When is it safe to start working out?

As a rule of thumb it is best to wait atleast 6 weeks before you start working out, but it is important to listen to your body.
If you feel any pain of strange sensations when starting to move around, give it another 2 weeks before you start.
It is always best to consult with you doctor before you start, as everyone is different and it depends on your individual circumstances.
Make sure you don’t do more damage than good, by starting too soon or too vigorously.

Start out slow…

When you do feel ready to exercise, it is very important not to overdo it.
You might still experience back pain from during your pregnancy and since pregnancy hormones affects our ligaments and joints your body might be more fragile and at greater risk for injury.

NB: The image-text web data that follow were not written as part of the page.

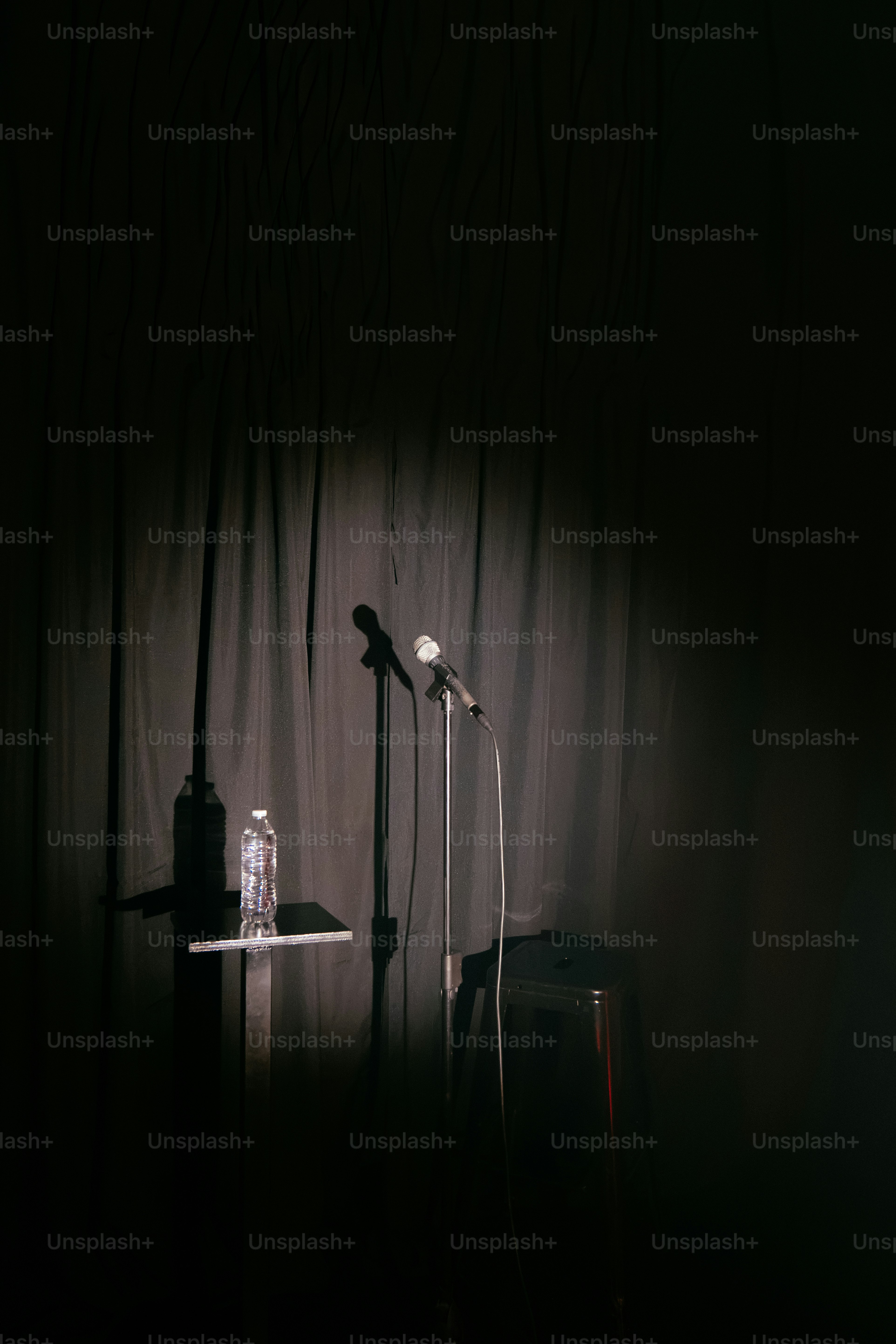 Spotlight illuminates two microphones and water bottle on stage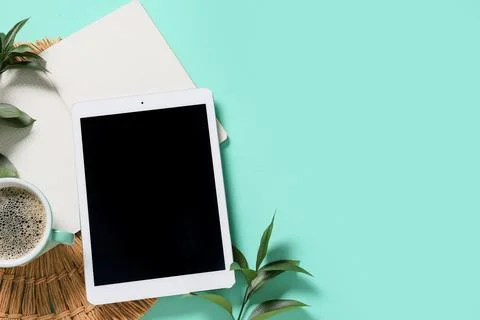 Tablet computer with plant branches, notebook and cup of coffee on turquoise  Stock Photos
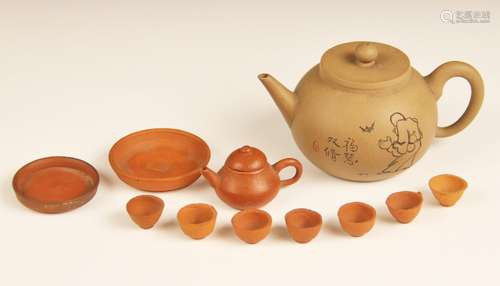 A collection of Chinese miniature Yixing tea wares, comprisi...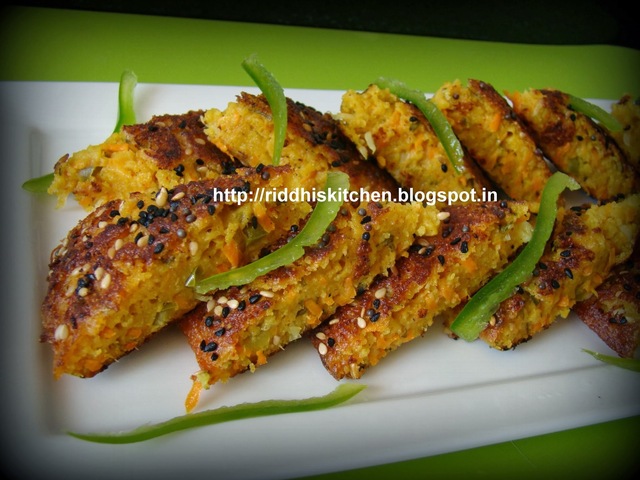 Oats Handvo ( Famous Gujrati snack( with some twist) cooked with oats , sooji and vegetables )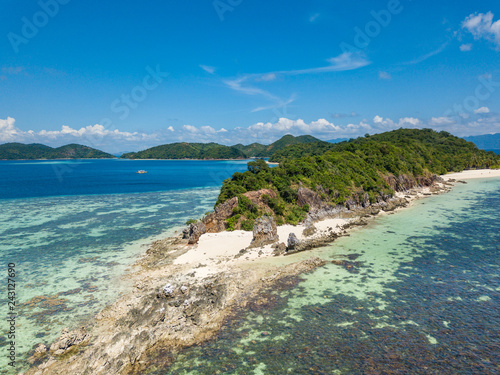 Aerial view of tropical beach on the island Malcapuya. Beautiful tropical island with sand beach, palm trees. Tropical landscape with shore and boat. Palawan, Philippines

Walking is the best way to start physical activity after pregnancy. Ease into it by starting out slow and up the tempo as you start to feel more ready.

A huge perk about walking is your new little human can go along for the ride.
This way you both get a chance to leave the house and ejoy some fresh air.

Take it up a notch

Once you are comfortable with a brisk walk change it up by walking zigzag and backwards, so that your muscles don’t know what to expect.

  • It’s best to leave your little one at bay for this one, to avoid the risk of injury.

Head lifts – sit ups

Remember to take it slow. Don’t do it all in your first session.
Lie on your back and start with head lifts. Once you are comfortable doing 10 headlifts you can ease into shoulder lifts.
When your body can keep up with 10 head lifts and 10 shoulder lifts, then you can start doing sit-ups.
For complete workout programmes, check out Kayla Itsines.
Her social media and fitness app is a great help for any new mommy to stay motivated and healthy.

Eating habits

Say goodbye to the cravings. Unfortunately us new mommies no longer have the craving excuse, so brake the habbit and try to get into healthy eating and small portions as soon as possible. BUT remember weight loss is a slow and gradual process and you still need some extra energy to attend to your new baby. TIP: Consistency is key!

If you are breastfeeding, well done. Lucky for you, that helps a lot of new moms with losing weight, which means you should probably still follow a slightly more substantial diet to keep up with little one’s feeding.

If you aren’t breastfeeding, no problem. Cut back on the sugar and carbs and up your water intake, but don’t follow such a strict diet that you deplete your body from all the good energy sources. Remember having a new baby in the house is still hard work and can be extremely tiring, so you’ll need as much good energy as you can get.

Significantly reducing overall carbohydrate intake — the go-to weight loss strategy for many women — is not your best bet postpartum. Carbohydrates are necessary for new moms — not just for breast milk production, but also for mental health, hormone regulation and more.”
Read more

Ensure your body is getting a variety of nutrients such as protein, fruit, vegetable, fats like avocados and nuts and fiber-rich carbs.

Try to stick to 6 smaller meals per day rather than 2-3 big meals, this will ensure your metabolism speeds up.

Stay HYDRATED. Aim for 3 litres of water per day, unless otherwise advised by your health professional.

Having a baby is tough and there is so much to adapt to, so if your body is not what it used to be right away, remember it took 9 months for your body to get where it is now. Be patient and do what you can when you have the time. You’re doing great!